Attention is turning to Schlozman after the announcement last week that
the Justice
Department opened an internal investigation to determine whether Monica
Goodling,
Attorney General Alberto Gonzales' White House liaison, illegally took
party affiliation into
account in hiring entry-level prosecutors. The department's inspector
general and its
Office of Professional Responsibility are conducting that inquiry jointly.
Federal law and Justice Department policies bar the consideration of
political affiliation in
hiring of personnel for non-political, career jobs.
A congressional aide, who requested anonymity because of the sensitivity
of the matter,
said that the House and Senate Judiciary Committees want to look beyond
Goodling to see
whether other department officials may have skewed recruiting and hiring
to favor
Republican applicants. Investigators have heard allegations that
Schlozman showed a
political bias in hiring and hope the department will permit him to be
interviewed
voluntarily, the aide said.
Sen. Claire McCaskell, D-Mo., told National Public Radio last week that
she wants to hear
testimony from Schlozman because "more answers under oath need to be given."
One of the former Justice Department employees, Clevenger, is pursuing a
whistleblower
suit alleging he was wrongly fired for exposing mistreatment of
employees by his Special
Litigation Section chief.
Clevenger and the other lawyer recounted Schlozman's odd handling of
their job
applications in the spring of 2005. Clevenger said his resume stated
that he was a
member of the conservative Federalist Society and the Texas chapter of
the Republican
National Lawyers Association.
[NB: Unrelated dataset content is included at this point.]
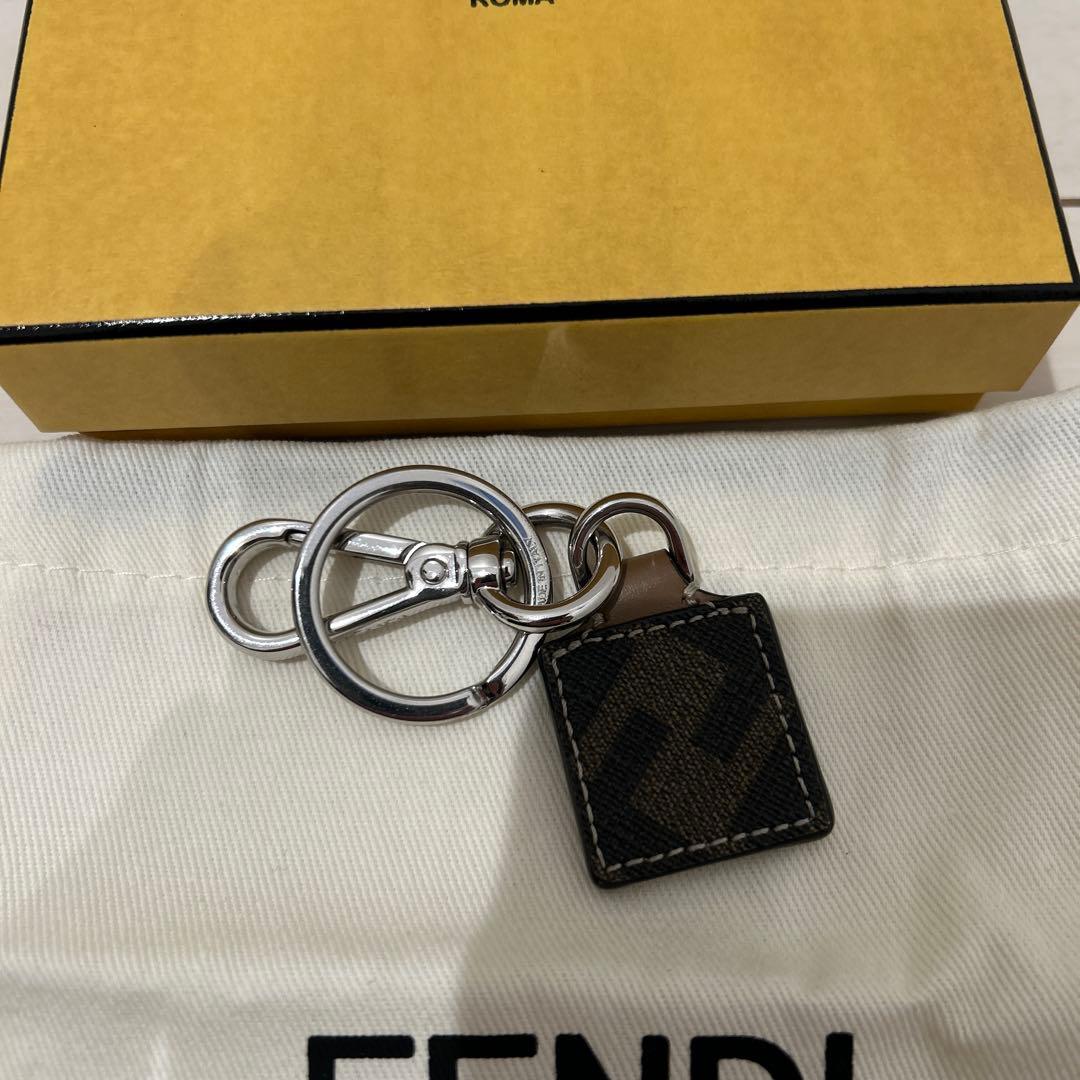 FENDI ロゴ キーリング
The other applicant's resume cited work on
President
Bush's 2000 campaign, said the attorney, who insisted upon anonymity for
fear of
retaliation.
They said Schlozman directed them to drop the political references and
resubmit the
resumes in what they believed were an effort to hide those conservative
affiliations.
Clevenger also recalled once passing on to Schlozman the name of a
friend from Stanford
as a possible hire.
"Schlozman called me up and asked me something to the effect of, `Is he
one of us?'"
Clevenger said. "He wanted to know what the guy's partisan credentials
were."
Schlozman, who recently completed more than a year's service as interim
U.S. attorney in
Kansas City that was marked with controversy, has drawn harsh criticism
over his
conduct as the top deputy in the Civil Rights Division starting in 2003
and a term of
roughly seven months as its acting chief beginning in the spring of 2005.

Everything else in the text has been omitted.